# What is required:
Give back every record below in full and exactly, but without a single image.

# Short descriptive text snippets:
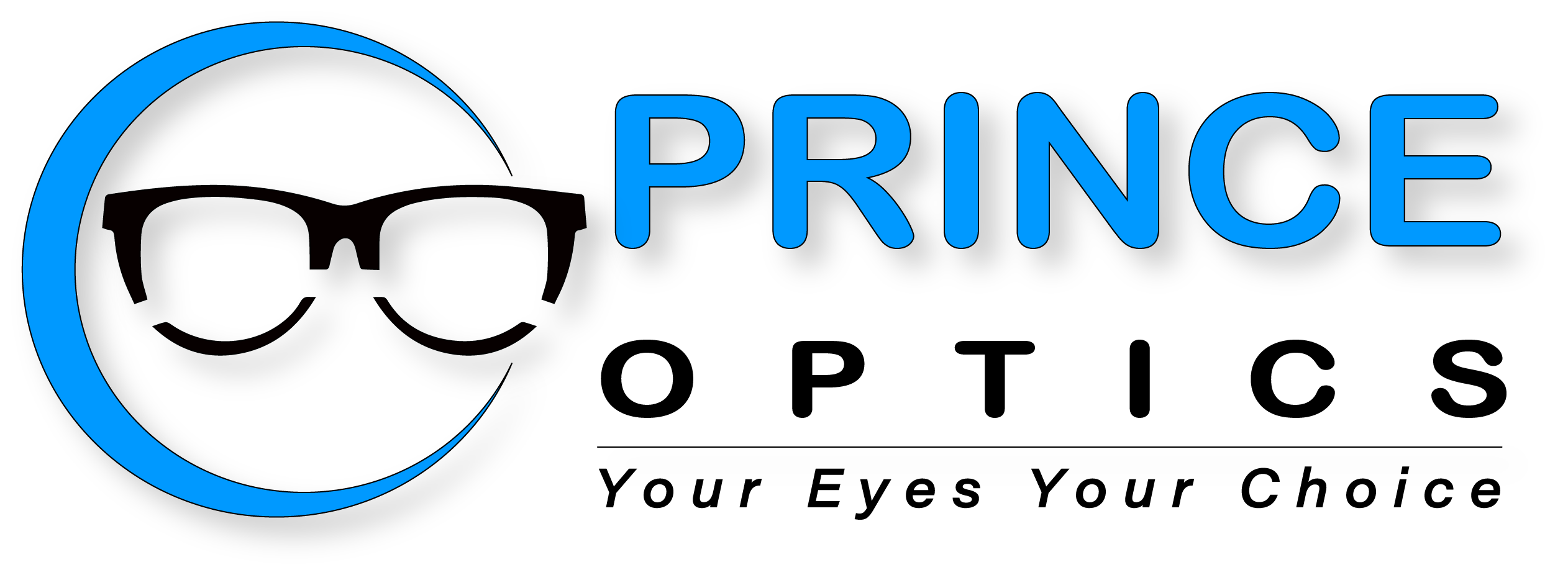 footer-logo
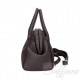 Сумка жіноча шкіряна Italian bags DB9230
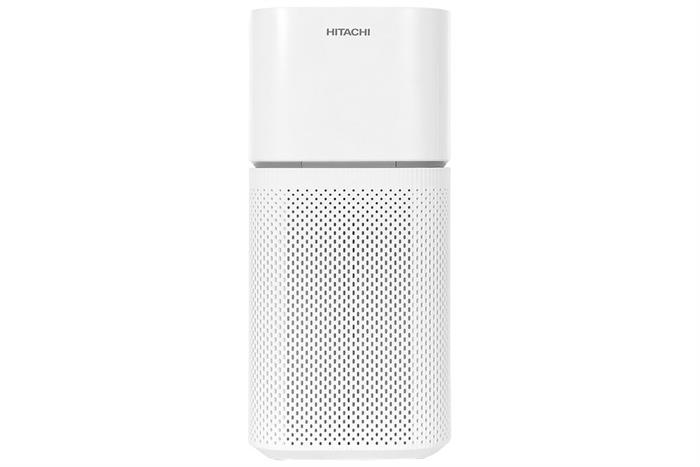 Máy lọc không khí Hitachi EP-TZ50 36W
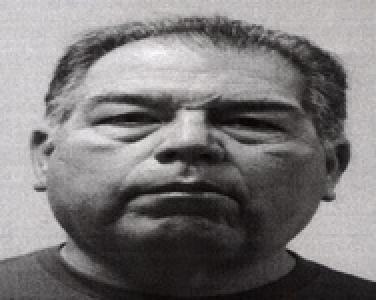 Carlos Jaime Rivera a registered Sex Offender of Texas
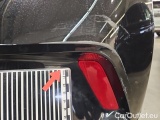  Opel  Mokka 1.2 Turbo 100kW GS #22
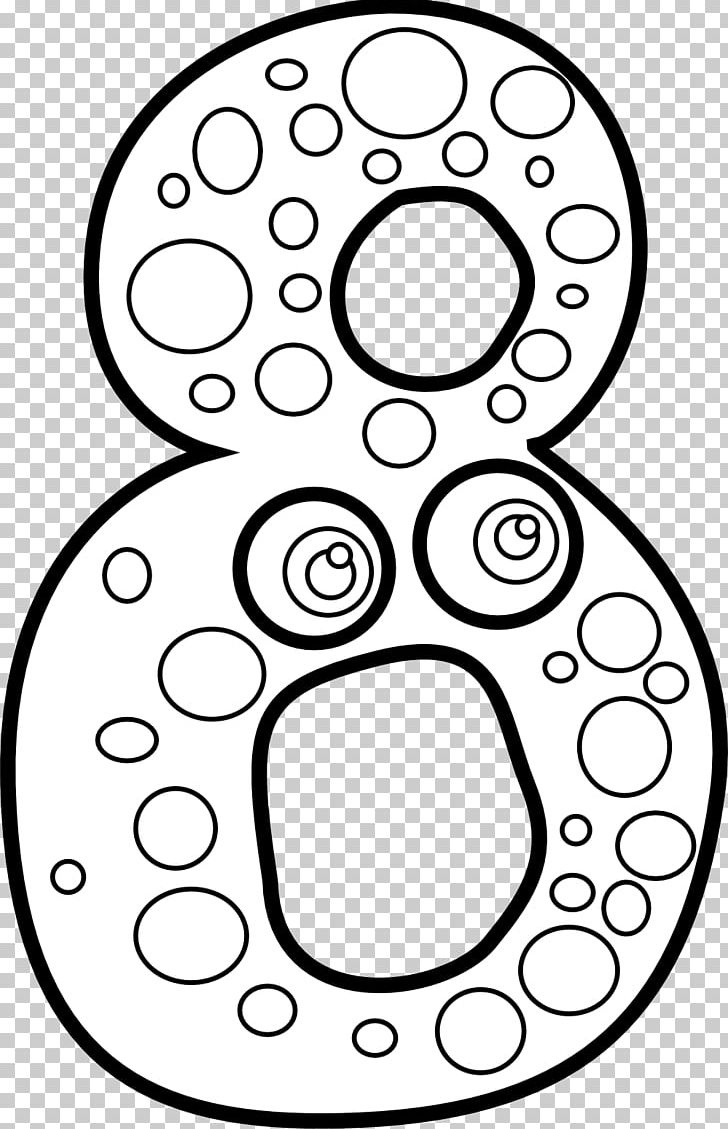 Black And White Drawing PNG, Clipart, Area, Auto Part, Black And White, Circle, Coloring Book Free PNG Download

# Solved problem:
 footer-logo
 Сумка жіноча шкіряна Italian bags DB9230
 Máy lọc không khí Hitachi EP-TZ50 36W
 Carlos Jaime Rivera a registered Sex Offender of Texas
  Opel  Mokka 1.2 Turbo 100kW GS #22
 Black And White Drawing PNG, Clipart, Area, Auto Part, Black And White, Circle, Coloring Book Free PNG Download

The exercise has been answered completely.